French collections house at least 90,000 pieces originating from sub-Saharan Africa with around 70,000 works in Paris’ Quai Branly museum alone, according to French historian Bénédicte Savoy and Senegalese writer and academic Felwine Sarr, the co-authors of the report.

They also estimated a further 20,000 objects are held in several port cities throughout the country.

The authors note that African cultural pieces are protected by strict French laws that consider them state public property, even if they were taken illicitly.

The report recommends changing France’s policies so that if an artifact’s provenance finds it to have been acquired without consent, it can be returned through bilateral agreements struck between France and the country of origin.

Macron is due to receive the report on Friday but a copy was leaked to local media on Wednesday. CNN also obtained a copy of the report.

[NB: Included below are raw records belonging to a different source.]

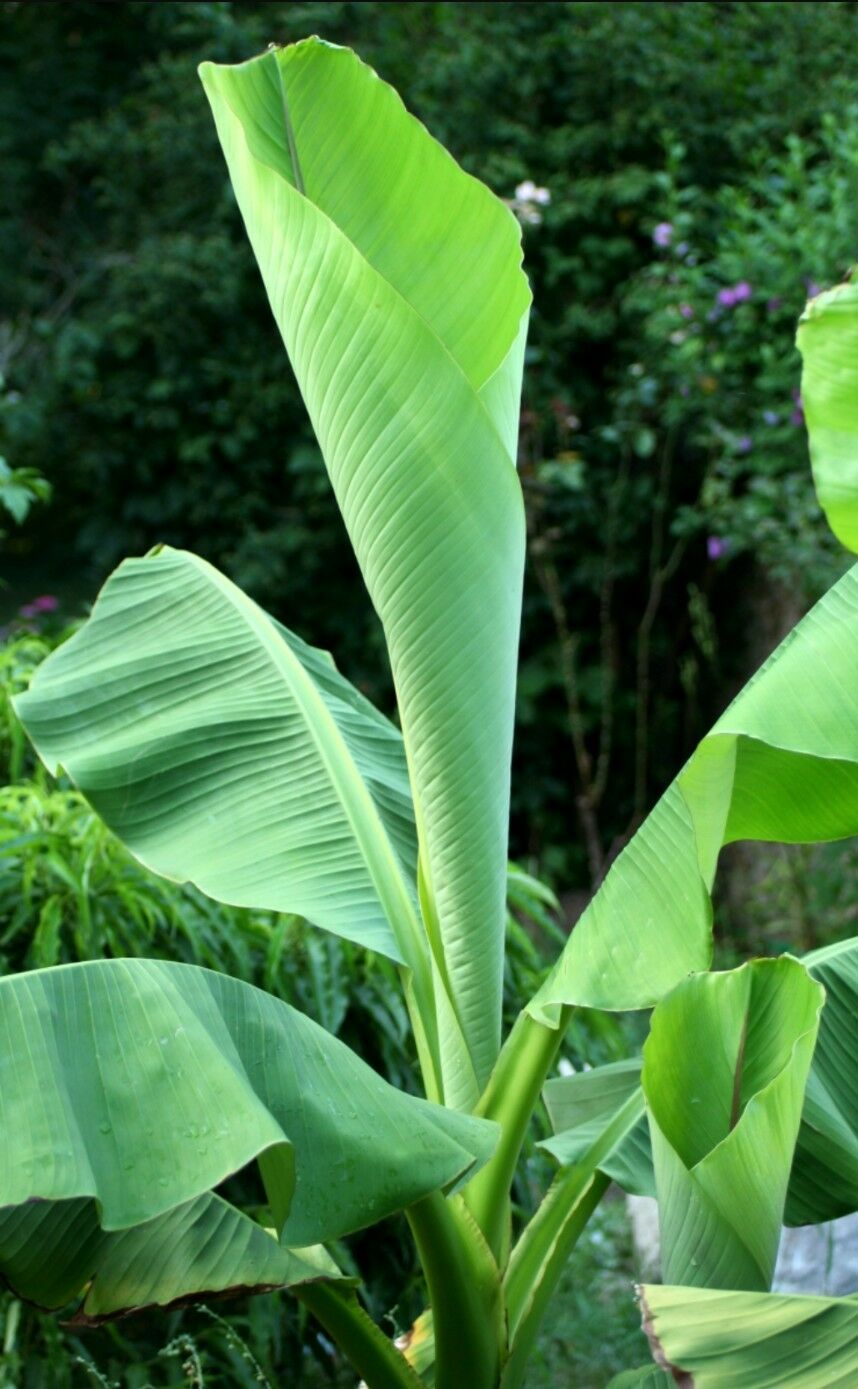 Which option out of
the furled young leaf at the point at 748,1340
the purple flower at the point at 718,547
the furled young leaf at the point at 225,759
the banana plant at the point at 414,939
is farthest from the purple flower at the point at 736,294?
the furled young leaf at the point at 748,1340

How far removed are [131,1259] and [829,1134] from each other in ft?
2.61

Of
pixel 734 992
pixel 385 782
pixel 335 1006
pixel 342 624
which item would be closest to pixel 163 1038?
pixel 734 992

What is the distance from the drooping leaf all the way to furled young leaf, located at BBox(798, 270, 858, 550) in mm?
789

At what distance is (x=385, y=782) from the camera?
7.41 ft

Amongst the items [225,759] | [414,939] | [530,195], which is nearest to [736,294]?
[530,195]

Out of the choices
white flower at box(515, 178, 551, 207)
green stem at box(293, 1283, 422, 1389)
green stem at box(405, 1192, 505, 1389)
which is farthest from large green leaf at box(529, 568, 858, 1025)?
white flower at box(515, 178, 551, 207)

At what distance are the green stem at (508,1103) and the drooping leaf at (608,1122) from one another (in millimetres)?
84

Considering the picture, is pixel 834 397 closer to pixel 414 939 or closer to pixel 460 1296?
pixel 414 939

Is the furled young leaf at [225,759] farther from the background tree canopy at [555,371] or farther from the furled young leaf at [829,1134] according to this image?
A: the background tree canopy at [555,371]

The French President tasked the pair with preparing the report after a speech in Burkino Faso last year.

He told a packed auditorium at the University of Ouagadougou in November: “Starting today, and within the next five years, I want to see the conditions put in place so as to allow for the temporary or definitive restitution of African cultural heritage to Africa.”

In January, he touched upon the issue again in a speech at the Conference of Ambassadors, saying he hoped the moves would help “to build a new intellectual connection between France and Africa.”

The report suggests a three-phase plan for the process of restitution over the next several years.

The first phase would start with “the formal restitution of several largely symbolic pieces whose return has been requested for a long time by various African nations or communities, so as to show and demonstrate the true wish for restitution on the part of the French state.”

The authors then suggest a phase starting from spring 2019 to November 2022 of collaboration through “inventorying, the sharing of digital files and an intensive transcontinental dialogue.”

The final phase — which would run indefinitely — would allow African nations to submit restitution claims.

The report says: “The translocations of cultural heritage objects affected by Africa for the benefit of France took place over a long period of time. The process of restitution should not be limited in time.”

But it remains to be seen if the proposals will be approved. No doubt museums throughout Europe — many of which hold precious artifacts seized during colonial times — will be scrutinizing what comes next, given it could intensify pressure on them to follow suit.

It has been estimated by UNESCO experts that 90% of Africa’s cultural heritage is overseas. In recent years there have been numerous instances of countries calling on their former colonial rulers to return their ancestral treasures.

Earlier this week, the governor of Easter Island made an emotional appeal to the British Museum to hand over an 8-foot-tall basalt statue taken by the British without permission in 1868 and kept in London since then.

Gov. Tarita Alarcón Rapu, who was part of a Chilean delegation visiting the British capital, told reporters of their hopes for a loan agreement after a meeting with museum officials.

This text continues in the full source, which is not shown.